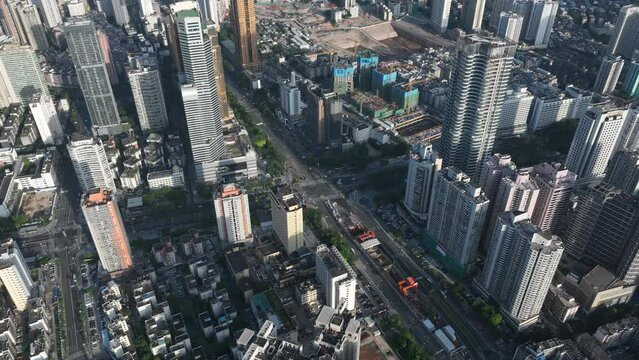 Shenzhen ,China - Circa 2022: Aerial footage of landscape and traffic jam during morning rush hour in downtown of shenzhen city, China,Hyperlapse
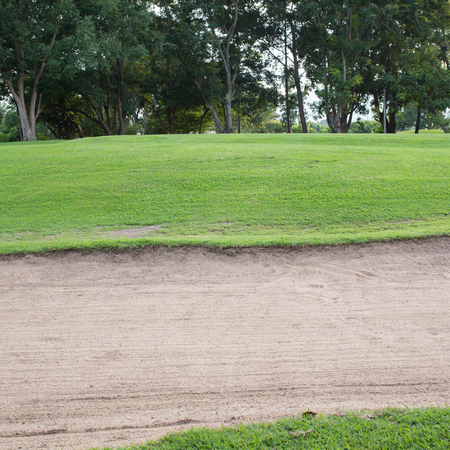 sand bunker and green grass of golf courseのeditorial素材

● ● ● ●

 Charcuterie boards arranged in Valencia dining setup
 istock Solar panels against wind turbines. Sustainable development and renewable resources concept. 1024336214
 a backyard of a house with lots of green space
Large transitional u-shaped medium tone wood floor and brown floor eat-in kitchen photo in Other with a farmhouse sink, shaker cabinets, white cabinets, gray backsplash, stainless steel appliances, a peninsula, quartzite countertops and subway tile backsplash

● ● ● ●

AIM OF THE EXERCISE » Set the pictures aside and retype exactly the lines above from the line with "Shenzhen ,China - Circa" to the line with "sand bunker and", both included, adding no others.

THE ANSWER »
 Shenzhen ,China - Circa 2022: Aerial footage of landscape and traffic jam during morning rush hour in downtown of shenzhen city, China,Hyperlapse
 sand bunker and green grass of golf courseのeditorial素材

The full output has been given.